**EXERCISE DESCRIPTION**:
For the word "image", count the lines below that contain it. Give the number alone.

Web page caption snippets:
<<<<

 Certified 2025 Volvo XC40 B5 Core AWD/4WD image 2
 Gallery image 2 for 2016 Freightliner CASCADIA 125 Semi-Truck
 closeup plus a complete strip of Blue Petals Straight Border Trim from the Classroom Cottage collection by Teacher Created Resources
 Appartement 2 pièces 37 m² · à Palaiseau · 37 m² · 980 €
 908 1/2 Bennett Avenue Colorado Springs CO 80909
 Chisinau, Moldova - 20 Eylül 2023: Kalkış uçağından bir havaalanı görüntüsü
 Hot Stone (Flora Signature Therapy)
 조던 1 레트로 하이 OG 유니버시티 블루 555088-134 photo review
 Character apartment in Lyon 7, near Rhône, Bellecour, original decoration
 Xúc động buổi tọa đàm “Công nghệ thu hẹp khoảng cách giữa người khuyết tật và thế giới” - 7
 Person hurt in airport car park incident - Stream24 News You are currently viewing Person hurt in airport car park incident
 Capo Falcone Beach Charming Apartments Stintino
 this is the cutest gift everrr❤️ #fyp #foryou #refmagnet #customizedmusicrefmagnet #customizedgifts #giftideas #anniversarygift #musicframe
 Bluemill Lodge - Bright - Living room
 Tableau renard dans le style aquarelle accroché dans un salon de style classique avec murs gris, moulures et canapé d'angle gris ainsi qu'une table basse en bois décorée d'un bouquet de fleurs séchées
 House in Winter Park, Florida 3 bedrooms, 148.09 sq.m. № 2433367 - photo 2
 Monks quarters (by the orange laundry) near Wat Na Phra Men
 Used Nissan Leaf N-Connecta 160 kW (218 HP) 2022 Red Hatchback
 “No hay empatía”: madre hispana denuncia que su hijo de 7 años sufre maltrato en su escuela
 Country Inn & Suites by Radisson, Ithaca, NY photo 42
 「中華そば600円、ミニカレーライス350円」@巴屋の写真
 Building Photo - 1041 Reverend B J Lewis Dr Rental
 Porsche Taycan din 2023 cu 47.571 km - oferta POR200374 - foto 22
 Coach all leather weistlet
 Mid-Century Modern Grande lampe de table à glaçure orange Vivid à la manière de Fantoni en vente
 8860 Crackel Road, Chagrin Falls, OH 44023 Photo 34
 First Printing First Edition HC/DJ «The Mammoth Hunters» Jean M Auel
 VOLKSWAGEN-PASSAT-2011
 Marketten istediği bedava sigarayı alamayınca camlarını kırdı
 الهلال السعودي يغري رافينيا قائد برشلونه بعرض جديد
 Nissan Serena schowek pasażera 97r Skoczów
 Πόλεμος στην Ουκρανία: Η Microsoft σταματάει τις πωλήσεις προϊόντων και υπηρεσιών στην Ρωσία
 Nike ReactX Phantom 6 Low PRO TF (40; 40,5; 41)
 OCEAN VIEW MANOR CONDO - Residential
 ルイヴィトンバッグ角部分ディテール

>>>>

**TASK ANSWER**:
2